I have been an Barack Obama supporter only since he won the Democratic nomination in 2008.
In critical areas, I underestimated how much he could accomplish, running the highly complex organisation that is the Federal government. For instance, he has run a clean shop. The first Obama Administration has not suffered a scandal. No administration back to Jimmy Carter could say that.
His stimulus package put people to work and kept people – particularly in schools and government agencies – at their jobs. Yes, it should have been bigger, more permanent. But, Obama saw the problem and addressed it.
So, too, with Obamacare. He succeeded where his Democratic predecessors failed: Clinton, Johnson, Truman.
Obamacare shows the President understands two words essential to running a country in the 21st century: ‘risk’ and ‘insurance’.
The best way to deal with the risks of everyday life – fire, illness, theft, casualty, etc. – is risk spreading. Some people will need the help; some won’t. That’s how insurance works. And all benefit by mitigating the ripple effects of loss.

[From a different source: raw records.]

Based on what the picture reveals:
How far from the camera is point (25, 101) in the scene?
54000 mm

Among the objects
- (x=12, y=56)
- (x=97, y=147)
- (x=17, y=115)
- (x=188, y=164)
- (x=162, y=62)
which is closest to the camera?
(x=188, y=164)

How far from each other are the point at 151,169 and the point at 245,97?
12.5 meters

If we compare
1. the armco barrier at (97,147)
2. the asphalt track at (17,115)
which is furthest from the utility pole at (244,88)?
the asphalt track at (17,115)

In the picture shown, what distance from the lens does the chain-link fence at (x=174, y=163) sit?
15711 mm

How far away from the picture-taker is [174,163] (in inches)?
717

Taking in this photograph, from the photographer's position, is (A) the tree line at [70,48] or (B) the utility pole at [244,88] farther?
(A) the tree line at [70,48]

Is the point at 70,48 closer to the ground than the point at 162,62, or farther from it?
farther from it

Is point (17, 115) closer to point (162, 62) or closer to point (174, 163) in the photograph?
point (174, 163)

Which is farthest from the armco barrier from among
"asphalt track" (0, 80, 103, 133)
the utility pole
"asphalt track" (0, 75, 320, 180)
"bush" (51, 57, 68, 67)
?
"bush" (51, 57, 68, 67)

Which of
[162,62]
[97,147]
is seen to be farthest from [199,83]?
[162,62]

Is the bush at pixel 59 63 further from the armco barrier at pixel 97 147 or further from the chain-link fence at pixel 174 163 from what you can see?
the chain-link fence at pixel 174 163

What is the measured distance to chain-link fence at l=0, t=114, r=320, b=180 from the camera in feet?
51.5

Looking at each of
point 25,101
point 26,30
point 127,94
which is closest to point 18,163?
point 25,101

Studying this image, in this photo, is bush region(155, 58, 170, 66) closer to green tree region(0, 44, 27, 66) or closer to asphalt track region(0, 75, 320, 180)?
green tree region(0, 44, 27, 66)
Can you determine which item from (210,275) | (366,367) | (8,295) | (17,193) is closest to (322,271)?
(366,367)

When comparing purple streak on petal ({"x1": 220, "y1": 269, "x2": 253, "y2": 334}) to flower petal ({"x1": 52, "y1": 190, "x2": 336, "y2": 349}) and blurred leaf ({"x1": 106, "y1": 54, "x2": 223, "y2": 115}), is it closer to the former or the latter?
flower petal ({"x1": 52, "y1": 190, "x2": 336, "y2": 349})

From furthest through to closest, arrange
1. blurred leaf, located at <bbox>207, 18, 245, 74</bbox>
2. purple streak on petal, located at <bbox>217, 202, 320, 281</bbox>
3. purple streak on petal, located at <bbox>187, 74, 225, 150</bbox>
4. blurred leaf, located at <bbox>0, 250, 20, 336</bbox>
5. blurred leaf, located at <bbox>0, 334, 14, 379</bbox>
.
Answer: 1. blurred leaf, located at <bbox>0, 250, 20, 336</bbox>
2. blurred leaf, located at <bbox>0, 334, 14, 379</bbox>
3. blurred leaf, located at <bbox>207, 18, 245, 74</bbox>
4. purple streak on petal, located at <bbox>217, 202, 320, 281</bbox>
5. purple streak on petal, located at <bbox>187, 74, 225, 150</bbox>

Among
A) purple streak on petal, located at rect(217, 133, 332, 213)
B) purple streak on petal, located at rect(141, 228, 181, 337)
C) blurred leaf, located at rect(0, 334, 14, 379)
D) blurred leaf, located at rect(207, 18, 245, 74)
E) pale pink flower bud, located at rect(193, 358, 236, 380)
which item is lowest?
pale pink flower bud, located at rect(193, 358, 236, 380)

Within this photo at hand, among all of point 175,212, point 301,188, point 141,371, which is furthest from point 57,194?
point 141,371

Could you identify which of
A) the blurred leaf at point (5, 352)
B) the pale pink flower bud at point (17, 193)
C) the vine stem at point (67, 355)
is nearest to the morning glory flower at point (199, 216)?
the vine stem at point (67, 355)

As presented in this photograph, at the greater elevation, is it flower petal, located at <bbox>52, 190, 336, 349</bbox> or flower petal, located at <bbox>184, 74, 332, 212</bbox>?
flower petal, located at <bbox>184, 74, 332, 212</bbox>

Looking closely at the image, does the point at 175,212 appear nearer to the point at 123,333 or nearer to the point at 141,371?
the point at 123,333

The same is true for healthcare – at every stage of life – and of the care of the elderly. Like suicide which rarely kills just one, lack of healthcare insurance seldom affects only the sick. And then there are the societal costs – the costs and inefficiencies of emergency room primary care, the large expenses of failing to catch problems early….

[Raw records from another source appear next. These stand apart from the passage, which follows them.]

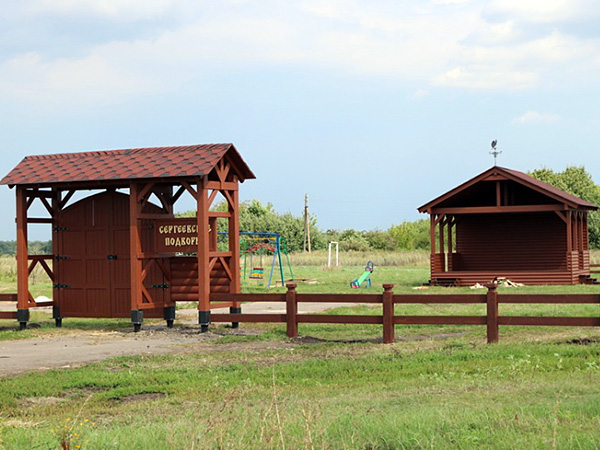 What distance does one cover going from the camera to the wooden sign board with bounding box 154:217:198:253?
741 inches

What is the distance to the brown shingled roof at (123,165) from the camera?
18.5m

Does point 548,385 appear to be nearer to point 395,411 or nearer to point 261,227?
point 395,411

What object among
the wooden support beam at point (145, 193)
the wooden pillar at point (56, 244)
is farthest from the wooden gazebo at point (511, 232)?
the wooden pillar at point (56, 244)

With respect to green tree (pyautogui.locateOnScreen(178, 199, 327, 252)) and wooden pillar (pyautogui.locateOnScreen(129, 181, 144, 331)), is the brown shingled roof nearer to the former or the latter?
wooden pillar (pyautogui.locateOnScreen(129, 181, 144, 331))

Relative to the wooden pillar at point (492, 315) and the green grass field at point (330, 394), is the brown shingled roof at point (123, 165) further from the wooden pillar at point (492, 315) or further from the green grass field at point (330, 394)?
the wooden pillar at point (492, 315)

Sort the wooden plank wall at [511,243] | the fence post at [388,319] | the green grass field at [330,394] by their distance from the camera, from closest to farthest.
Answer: the green grass field at [330,394], the fence post at [388,319], the wooden plank wall at [511,243]

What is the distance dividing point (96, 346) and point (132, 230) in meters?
3.07

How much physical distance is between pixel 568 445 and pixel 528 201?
3209cm

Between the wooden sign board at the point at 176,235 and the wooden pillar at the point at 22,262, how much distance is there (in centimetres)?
333

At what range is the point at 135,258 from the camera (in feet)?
61.6

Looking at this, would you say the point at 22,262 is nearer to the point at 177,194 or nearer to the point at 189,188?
the point at 177,194

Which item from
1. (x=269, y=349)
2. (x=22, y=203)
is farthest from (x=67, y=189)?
(x=269, y=349)

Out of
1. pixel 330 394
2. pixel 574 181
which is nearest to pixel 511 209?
pixel 330 394

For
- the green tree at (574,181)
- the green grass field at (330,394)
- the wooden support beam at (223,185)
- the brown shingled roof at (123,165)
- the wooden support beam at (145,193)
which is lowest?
the green grass field at (330,394) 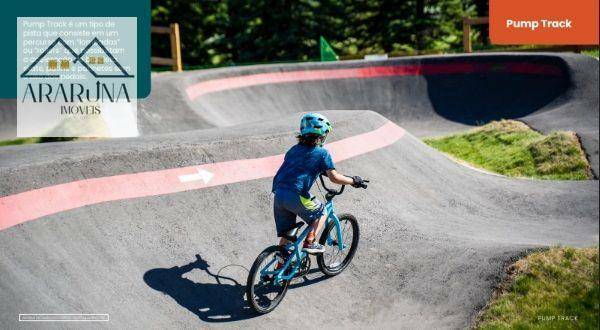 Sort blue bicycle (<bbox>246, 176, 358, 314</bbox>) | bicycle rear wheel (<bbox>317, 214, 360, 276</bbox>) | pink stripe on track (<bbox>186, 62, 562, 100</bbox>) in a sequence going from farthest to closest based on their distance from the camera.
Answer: pink stripe on track (<bbox>186, 62, 562, 100</bbox>)
bicycle rear wheel (<bbox>317, 214, 360, 276</bbox>)
blue bicycle (<bbox>246, 176, 358, 314</bbox>)

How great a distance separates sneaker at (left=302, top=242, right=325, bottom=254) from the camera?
25.7 ft

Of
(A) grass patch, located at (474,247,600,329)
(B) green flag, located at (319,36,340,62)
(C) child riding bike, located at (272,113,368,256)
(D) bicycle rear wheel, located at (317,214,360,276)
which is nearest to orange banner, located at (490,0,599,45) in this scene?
(D) bicycle rear wheel, located at (317,214,360,276)

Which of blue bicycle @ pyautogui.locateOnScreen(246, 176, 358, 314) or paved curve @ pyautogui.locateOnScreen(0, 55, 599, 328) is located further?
blue bicycle @ pyautogui.locateOnScreen(246, 176, 358, 314)

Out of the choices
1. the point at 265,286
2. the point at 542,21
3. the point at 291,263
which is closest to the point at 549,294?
the point at 291,263

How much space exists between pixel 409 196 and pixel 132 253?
590 cm

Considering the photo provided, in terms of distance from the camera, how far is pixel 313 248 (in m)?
7.91

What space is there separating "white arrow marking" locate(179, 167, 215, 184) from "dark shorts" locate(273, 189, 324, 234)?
239 centimetres

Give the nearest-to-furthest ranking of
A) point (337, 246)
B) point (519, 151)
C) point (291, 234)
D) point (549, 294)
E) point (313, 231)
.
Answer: point (549, 294) → point (291, 234) → point (313, 231) → point (337, 246) → point (519, 151)

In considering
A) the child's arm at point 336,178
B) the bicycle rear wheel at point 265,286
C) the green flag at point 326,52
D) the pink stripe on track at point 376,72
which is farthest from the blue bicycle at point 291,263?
the green flag at point 326,52

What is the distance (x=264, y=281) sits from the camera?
23.9ft

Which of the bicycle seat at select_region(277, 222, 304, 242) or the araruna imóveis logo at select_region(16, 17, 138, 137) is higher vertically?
the araruna imóveis logo at select_region(16, 17, 138, 137)

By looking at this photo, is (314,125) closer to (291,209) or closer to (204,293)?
(291,209)

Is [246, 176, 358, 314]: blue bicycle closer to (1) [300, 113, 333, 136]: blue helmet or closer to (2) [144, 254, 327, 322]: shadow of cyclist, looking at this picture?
(2) [144, 254, 327, 322]: shadow of cyclist

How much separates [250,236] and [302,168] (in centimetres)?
206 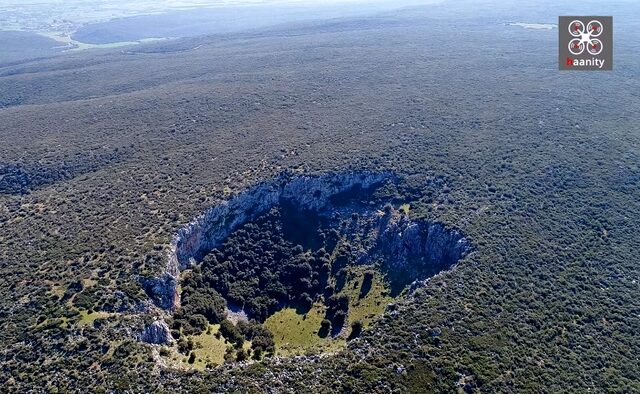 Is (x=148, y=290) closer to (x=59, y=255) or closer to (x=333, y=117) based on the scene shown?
(x=59, y=255)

A Nobel Prize winning economist has called the Federal government an insurance company with an army. At no time do I see the need for both than in times of national disaster.
I saw first hand what well-administered government could accomplish in the wake of Hurricane Irene. Shortly after Vermont Rte. 9 opened, we headed to Boston. Between Bennington and Brattleboro, we saw upwards of 500 people – federal, state, county, local and private workers – cleaning up and fixing.

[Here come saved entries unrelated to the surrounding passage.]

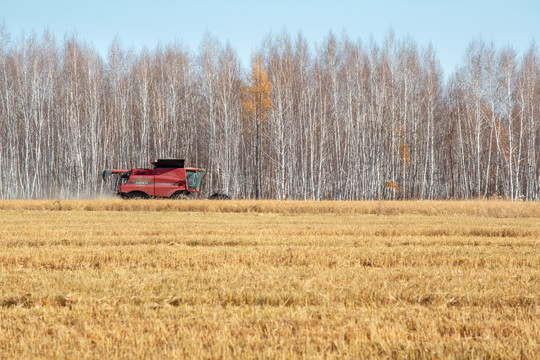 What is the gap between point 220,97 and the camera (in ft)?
106

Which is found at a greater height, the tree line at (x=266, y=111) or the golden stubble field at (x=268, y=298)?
the tree line at (x=266, y=111)

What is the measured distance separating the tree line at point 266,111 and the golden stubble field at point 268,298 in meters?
20.5

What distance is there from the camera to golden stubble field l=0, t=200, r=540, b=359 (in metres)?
3.68

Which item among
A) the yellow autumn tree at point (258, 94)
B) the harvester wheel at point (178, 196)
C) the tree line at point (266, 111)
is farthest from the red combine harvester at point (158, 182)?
the yellow autumn tree at point (258, 94)

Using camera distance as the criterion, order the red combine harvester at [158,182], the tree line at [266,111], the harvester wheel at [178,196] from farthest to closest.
→ the tree line at [266,111], the harvester wheel at [178,196], the red combine harvester at [158,182]

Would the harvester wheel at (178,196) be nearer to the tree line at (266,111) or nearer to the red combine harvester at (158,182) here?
the red combine harvester at (158,182)

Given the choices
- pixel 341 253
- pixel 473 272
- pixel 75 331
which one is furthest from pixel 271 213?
pixel 75 331

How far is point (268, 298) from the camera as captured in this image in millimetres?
4973

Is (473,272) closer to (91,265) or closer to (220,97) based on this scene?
(91,265)

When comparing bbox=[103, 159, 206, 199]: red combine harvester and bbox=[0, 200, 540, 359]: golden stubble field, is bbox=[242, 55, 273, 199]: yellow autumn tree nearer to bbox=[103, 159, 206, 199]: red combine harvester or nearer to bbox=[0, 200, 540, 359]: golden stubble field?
bbox=[103, 159, 206, 199]: red combine harvester

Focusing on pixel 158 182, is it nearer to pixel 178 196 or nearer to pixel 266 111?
pixel 178 196

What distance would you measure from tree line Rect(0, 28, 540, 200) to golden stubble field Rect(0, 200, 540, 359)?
20467mm

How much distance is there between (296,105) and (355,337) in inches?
1132

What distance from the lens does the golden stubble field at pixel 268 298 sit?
3.68 metres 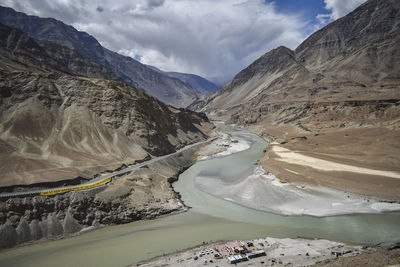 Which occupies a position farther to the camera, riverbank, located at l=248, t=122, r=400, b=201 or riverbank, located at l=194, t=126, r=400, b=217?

I saw FEMA officials cheered at meetings weeks after the storm passed.
If President Obama had accomplished little more than that, he would have merited re-election. It is a sign of a return to government competence despite budget cuts that have strangled or wiped out important services.
And so I am asking you to vote tomorrow for Barack Obama for President. I am also asking my friends in Ohio to vote for Sherrod Brown and in Massachusetts for Elizabeth Warren for US Senators.
They stand for my aspiration, that America should be a nation of neighbors, not a genus of jackals locked in desperate competitive scavenging. That is the choice of vision tomorrow.
Abraham Lincoln closed his First Innaugural Address (1861) with this:
I am loath to close. We are not enemies, but friends. We must not be enemies. Though passion may have strained it must not break our bonds of affection. The mystic chords of memory, stretching from every battlefield and patriot grave to every living heart and hearthstone all over this broad land, will yet swell the chorus of the Union, when again touched, as surely they will be, by the better angels of our nature.
We are the Union. We must elect people who believe in it.